J.P. : Oui, c'est peut-être une avancée mais c'est inadmissible de voir que des gens soient encore à la rue et recherchent de l'habitat et squattent comme cela avec les dangers que cela peut présenter pour l'environnement et pour eux même finalement.

A : Demain matin, vous allez rencontrer les autorités, est-ce que vous allez leur demander de prendre en compte cet aspect social ou alors allez-vous rester dans votre rôle et vous allez seulement demander aux autorités de " faire leur devoir " ?

J.P. : Ben, je crois qu'il faut faire l'ensemble. Il y a déjà la loi Onkelinx qui existe, donc il y a un certain nombre de logements qui sont inoccupés.
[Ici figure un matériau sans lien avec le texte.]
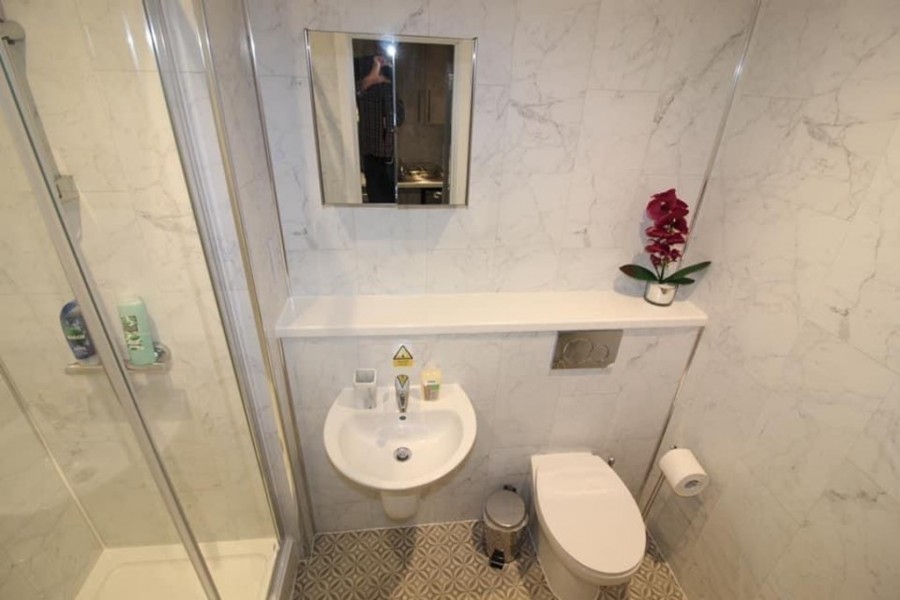 Images for Fantastic Studio Flats Book Today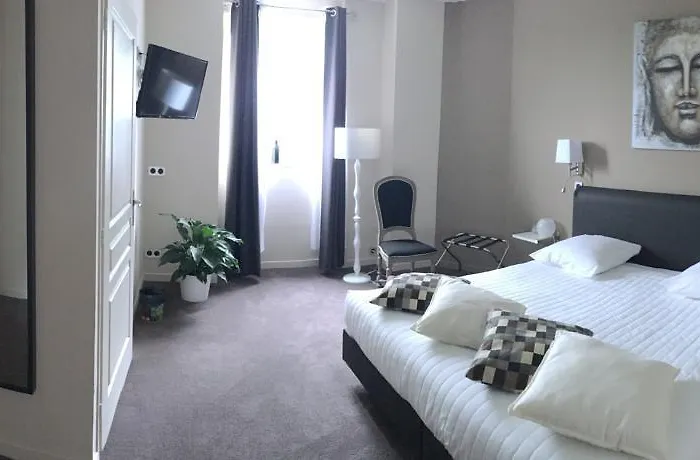 Logis Manoir De Fourcy 4*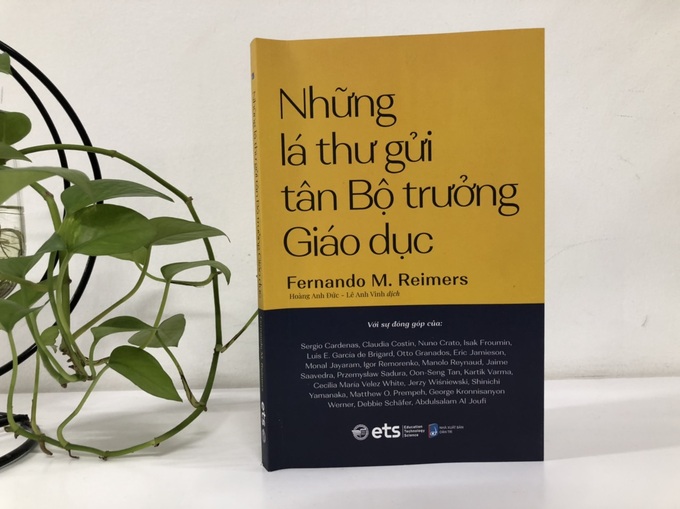 Ra mắt cuốn sách “Những lá thư gửi tân Bộ trưởng Giáo dục” - Ảnh 1.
Au moins, qu'on occupe ces logements qui, si ils sont inoccupés sont quand même raccordés à l'eau, à l'électricité, enfin au minimum vital et ça permettrait à ces personnes de passer un cap aussi difficile que celui de l'hiver. Mais ici, c'est malheureusement pas possible.

A : Ce serait dommage d'éjecter ces personnes pendant l'hiver, c'est ça le problème. Il y a justement une loi récente qui interdit d'expulser des personnes pendant l'hiver. Croyez-vous que ça pourra attendre le printemps ?

J.P. : Non, je vous dis que dès que nous avons toutes les autorisations, nous allons procéder à la démolition du bâtiment qui je le rappelle sont des bâtiments industriels et ne sont pas des logements sociaux, et tout simplement, ne sont pas des logements.